REQUIRED WORK:
Repeat every line of the data exactly, but not the pictures.
Top of RECORDS FOR THE EXERCISE
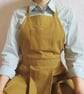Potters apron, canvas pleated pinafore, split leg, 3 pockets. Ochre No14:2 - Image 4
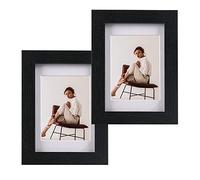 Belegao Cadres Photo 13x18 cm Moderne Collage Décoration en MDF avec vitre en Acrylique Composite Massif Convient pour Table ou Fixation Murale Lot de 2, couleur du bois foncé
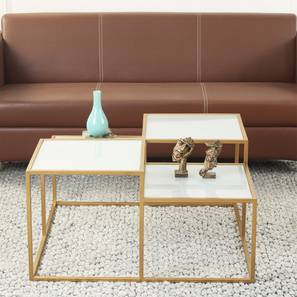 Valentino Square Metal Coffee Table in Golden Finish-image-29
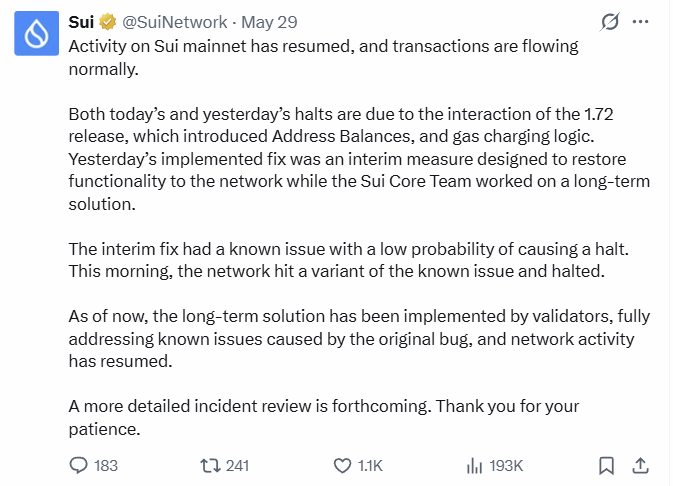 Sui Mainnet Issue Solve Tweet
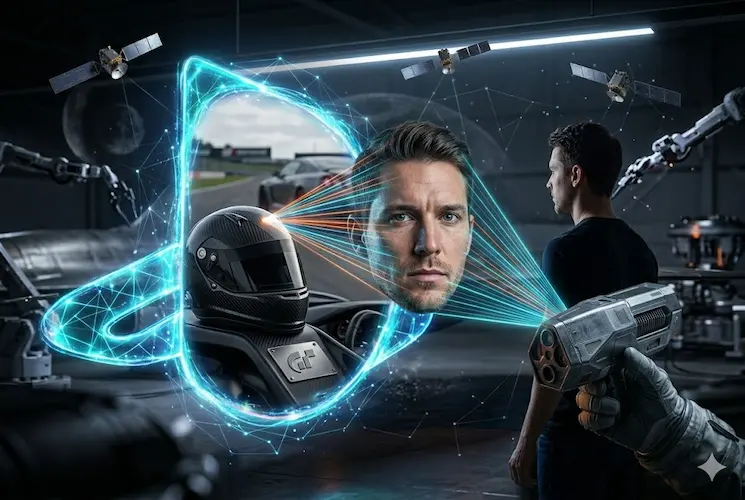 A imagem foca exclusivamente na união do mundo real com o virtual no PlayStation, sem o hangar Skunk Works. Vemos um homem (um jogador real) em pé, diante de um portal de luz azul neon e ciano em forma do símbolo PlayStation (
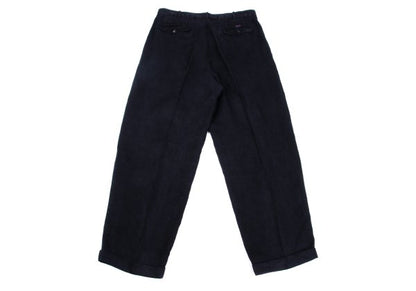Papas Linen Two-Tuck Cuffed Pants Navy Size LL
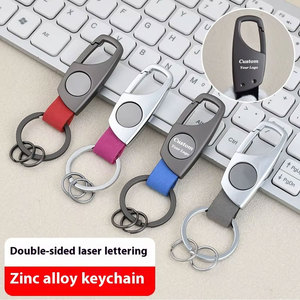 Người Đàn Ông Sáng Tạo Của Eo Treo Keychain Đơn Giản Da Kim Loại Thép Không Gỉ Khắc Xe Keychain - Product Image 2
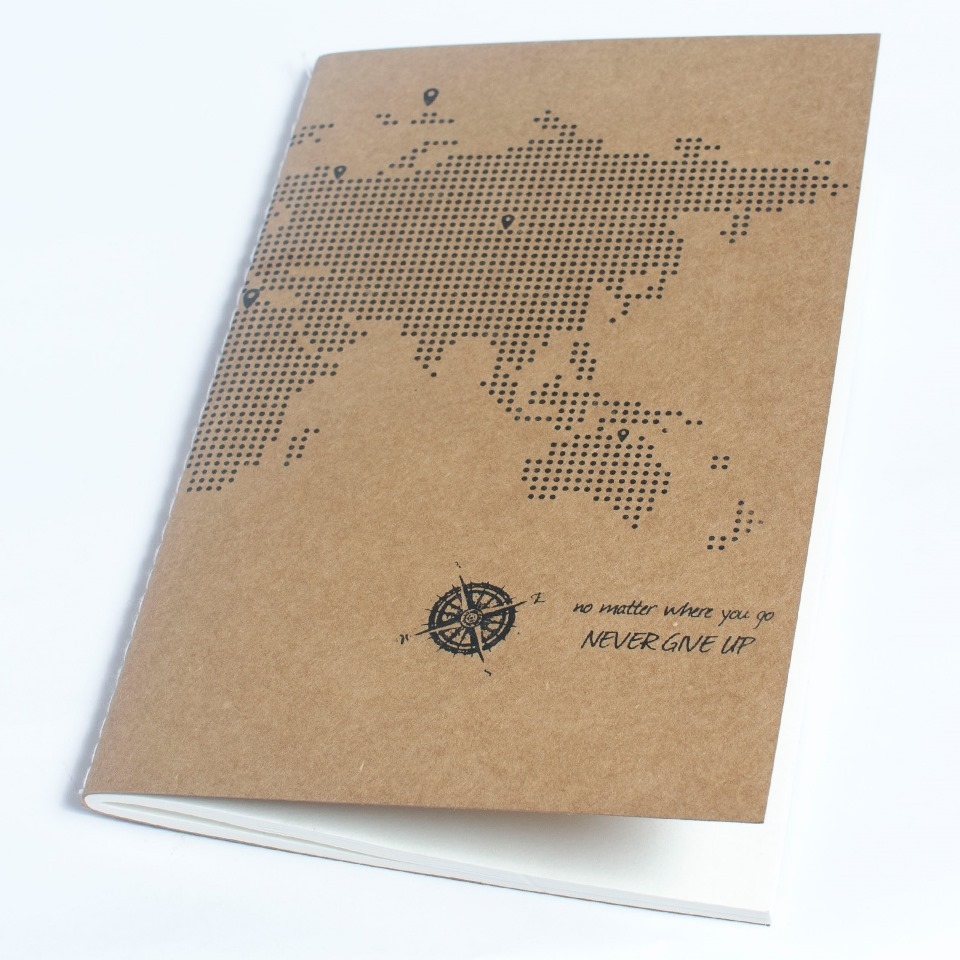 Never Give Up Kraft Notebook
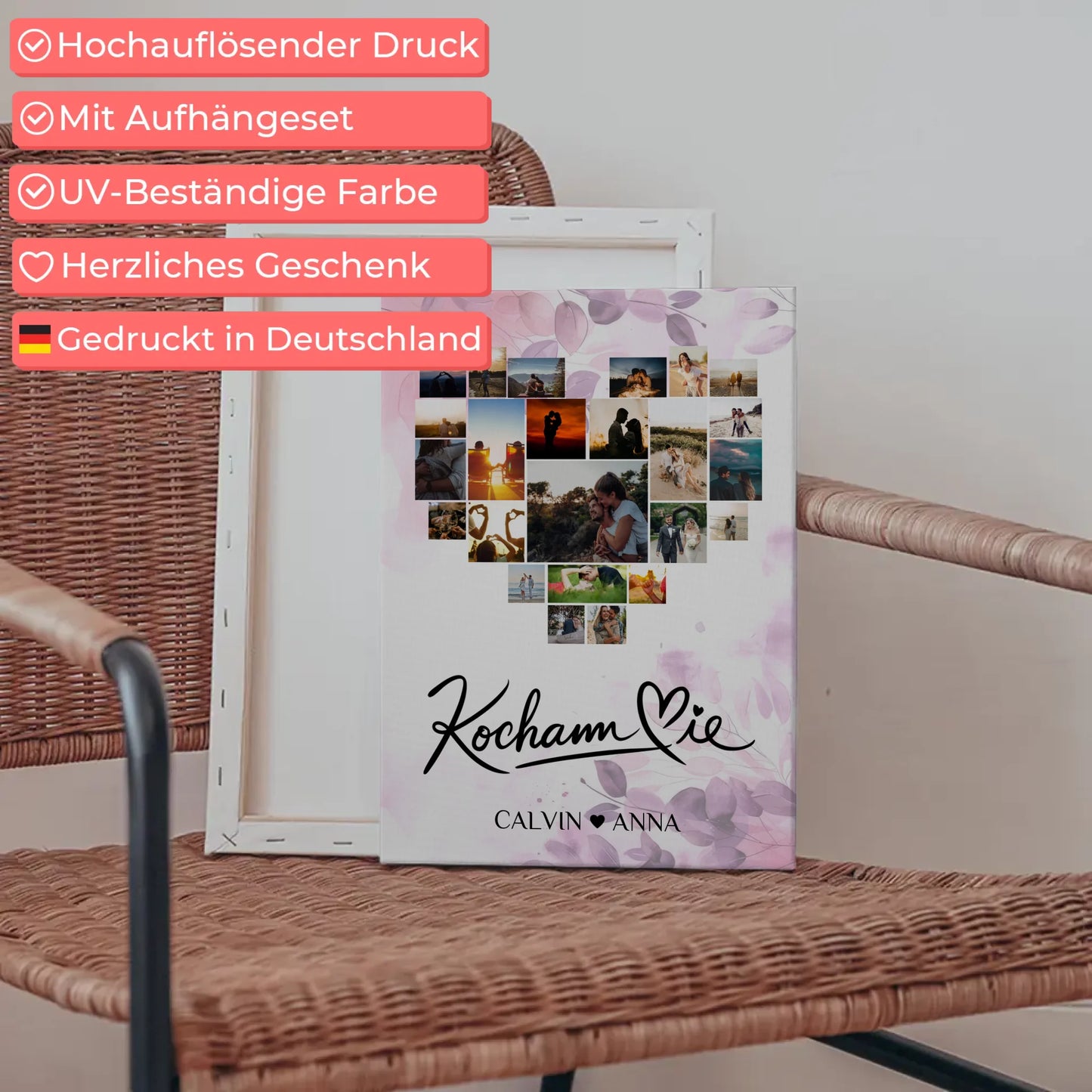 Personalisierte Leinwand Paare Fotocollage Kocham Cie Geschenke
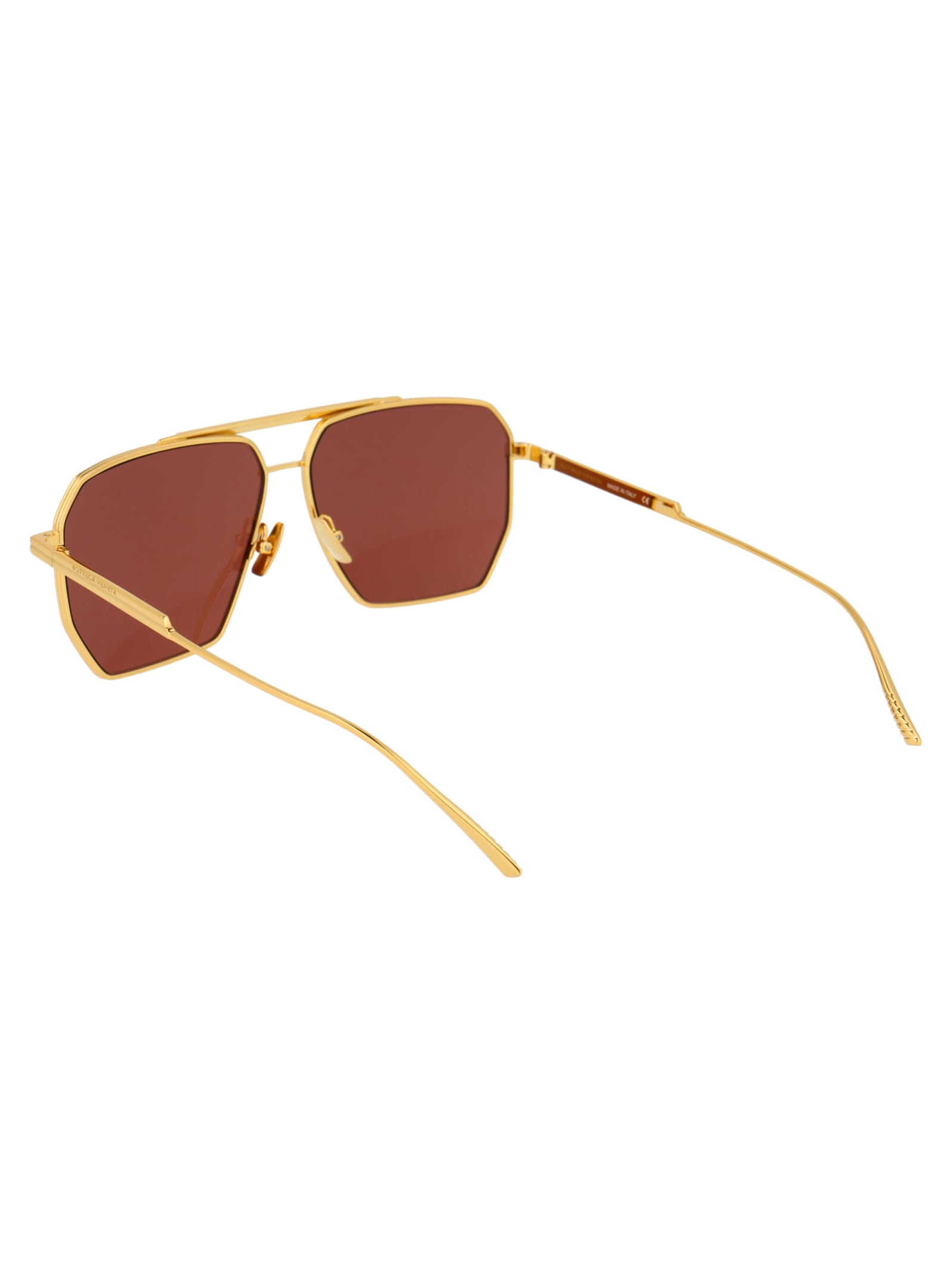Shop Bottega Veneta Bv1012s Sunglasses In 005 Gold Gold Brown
Bottom of RECORDS FOR THE EXERCISE
PROBLEM SOLUTION:
Potters apron, canvas pleated pinafore, split leg, 3 pockets. Ochre No14:2 - Image 4
 Belegao Cadres Photo 13x18 cm Moderne Collage Décoration en MDF avec vitre en Acrylique Composite Massif Convient pour Table ou Fixation Murale Lot de 2, couleur du bois foncé
 Valentino Square Metal Coffee Table in Golden Finish-image-29
 Sui Mainnet Issue Solve Tweet
 A imagem foca exclusivamente na união do mundo real com o virtual no PlayStation, sem o hangar Skunk Works. Vemos um homem (um jogador real) em pé, diante de um portal de luz azul neon e ciano em forma do símbolo PlayStation (
Papas Linen Two-Tuck Cuffed Pants Navy Size LL
 Người Đàn Ông Sáng Tạo Của Eo Treo Keychain Đơn Giản Da Kim Loại Thép Không Gỉ Khắc Xe Keychain - Product Image 2
 Never Give Up Kraft Notebook
 Personalisierte Leinwand Paare Fotocollage Kocham Cie Geschenke
Shop Bottega Veneta Bv1012s Sunglasses In 005 Gold Gold Brown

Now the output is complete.